最終ピリオド4分11秒には、この日第2セットのフォワードに起用された児玉直が、成長の証となる追加点を入れる。左コーナーの混戦からつないだパスを受けると、相手ディフェンスの動きを冷静に見極め、「手と刃の間にあったわずかな隙間」を縫う技ありのスライドシュートだった。「点に絡みたいという気持ちがすごくあった。強敵のドイツとの試合で自分が勝利に貢献出来て嬉しい」と児玉。その後、GK福島忍がキープしようとしたパックを後逸して相手に得点を献上する場面もあったが、福島はそれ以外のドイツの15本のシュートをさばききった。

試合後、観客席に挨拶する日本代表。負傷退場した三澤のユニフォームを手に、明日のスウェーデン戦での勝利を誓う
試合後、観客席に挨拶する日本代表。負傷退場した三澤のユニフォームを手に、明日のスウェーデン戦での勝利を誓う

これまで、初戦を落として波に乗り切れない試合が多かった日本。ましてやドイツは常に接戦を演じてきた相手だっただけに、課題だった先制点を早いタイミングで挙げ、試合のリズムを自ら作れたことは、呪縛が解けたに近い、大きな収穫になった。

大会直前に盟友・ノルウェーから5選手を招いて合宿を行い、ヨーロッパ特有の動きの確認や試合勘を養ったことも、結果を出せた要因のひとつだ。また、熊谷が「先制しても油断しないで、3点差4点差になっても絶対に気を抜かずにやっていこう、と声をかけていた」と話したように、最後まで途切れなかった全員の集中力と一体感が勝利に導いた。

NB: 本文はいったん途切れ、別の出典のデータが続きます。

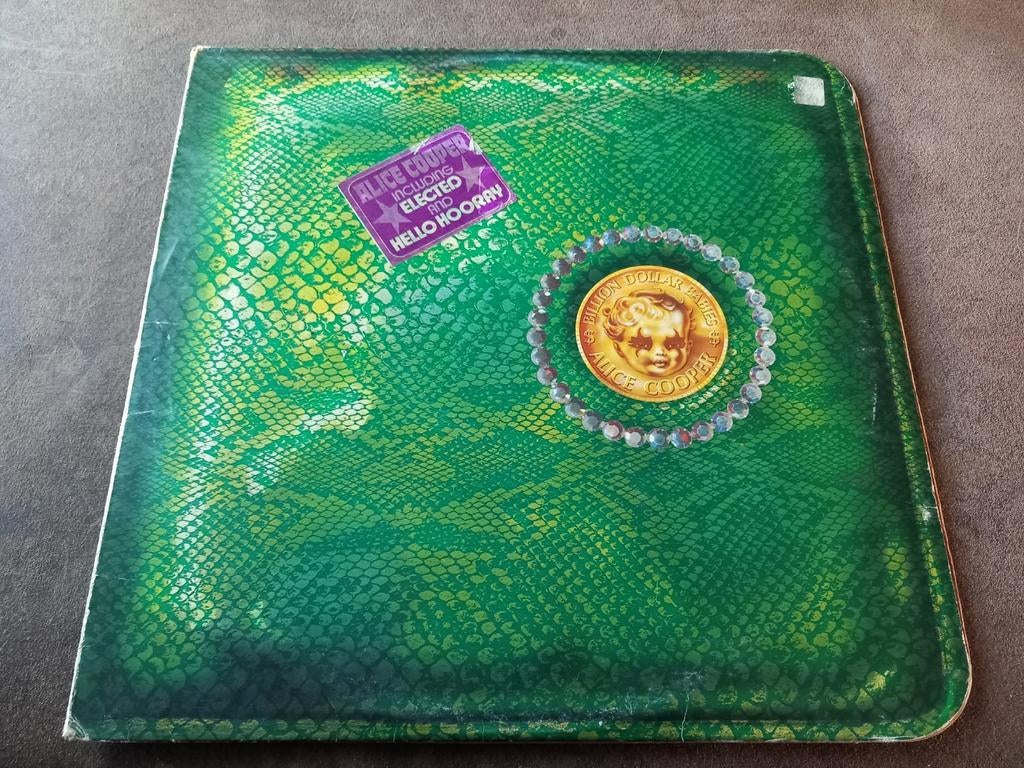 Alice Cooper - Billion Dollar Babies LP (Groen Slangenleer), Cd's en Dvd's, Vinyl | Rock, Ophalen of Verzenden, Gebruikt, 12 inch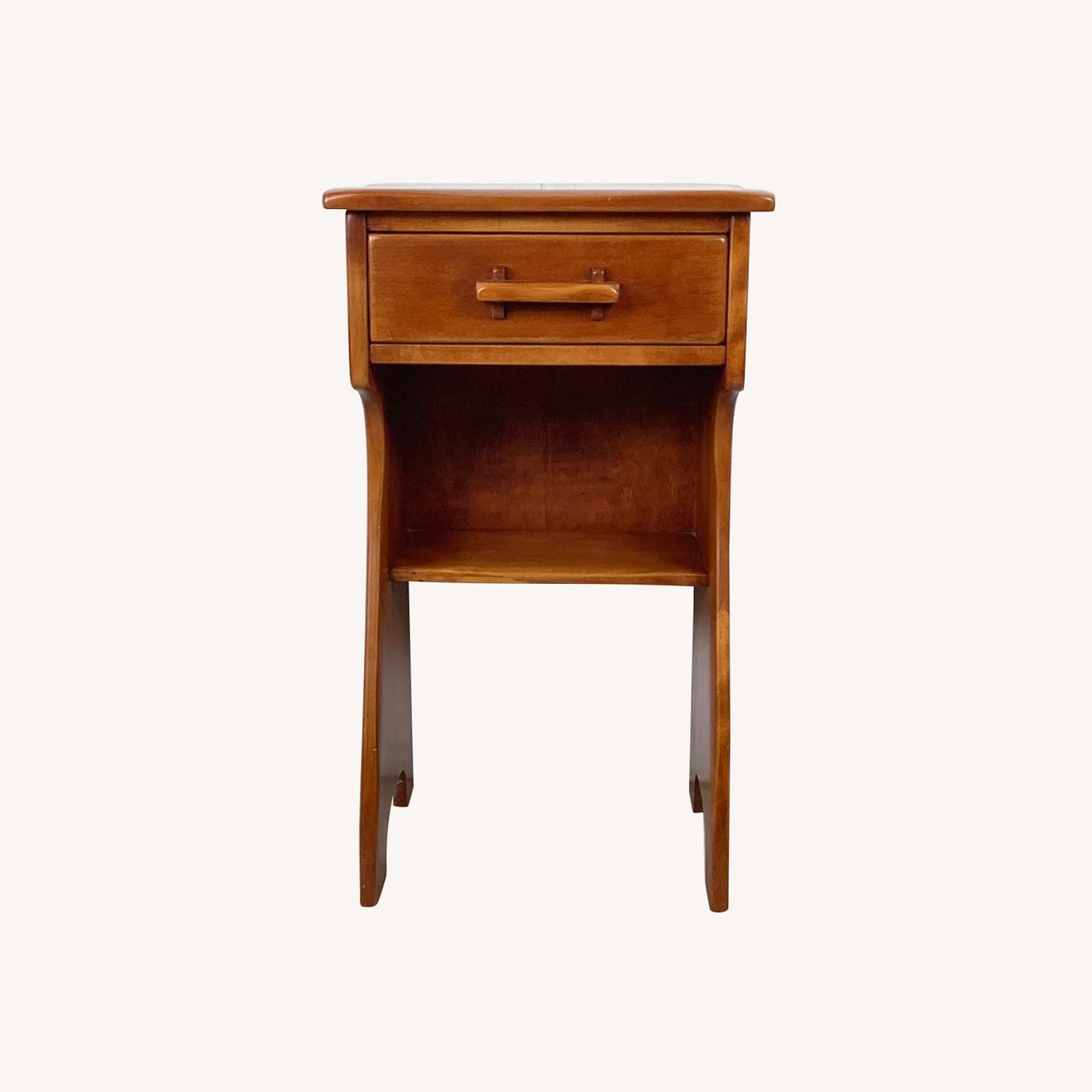 Vintage Colonial Nightstand by Cushman - image-0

試合を振り返り、キャプテンの須藤は「次につながる戦いになった」と、ホッとした表情を見せた。そして、中北浩仁監督は「ずっと目指していたプレーができた」と評価する。10日のスウェーデン戦については、「今日の2ピリは、ちぐはぐな動きが出てしまい、相手に裏を取られたりした。スウェーデンはそういうミスに付け込んでくると思うので、しっかりと修正したい」と話した。

■チェコ 5-0 スロバキア

パックを奪い合うチェコ(赤)とスロバキア
パックを奪い合うチェコ(赤)とスロバキア

第1試合のチェコ対スロバキアは、序盤からチェコが主導権を握る展開に。第1ピリオド8分19秒にSafranek が得点すると、続けてKubes が2得点。その後も終始、チェコのペースで試合は進み、5-0でチェコが勝利した。

チェコとスロバキアは、ヨーロッパの隣国であり、ライバル同士。今大会直前に開幕したチェコリーグに両チームとも参戦し、実戦を重ねてきた。今日の試合では大差がついたが、今後もしのぎを削り、レベルアップを図っていく環境があることを考えれば、スロバキアも日本にとって怖い存在になっていくだろう。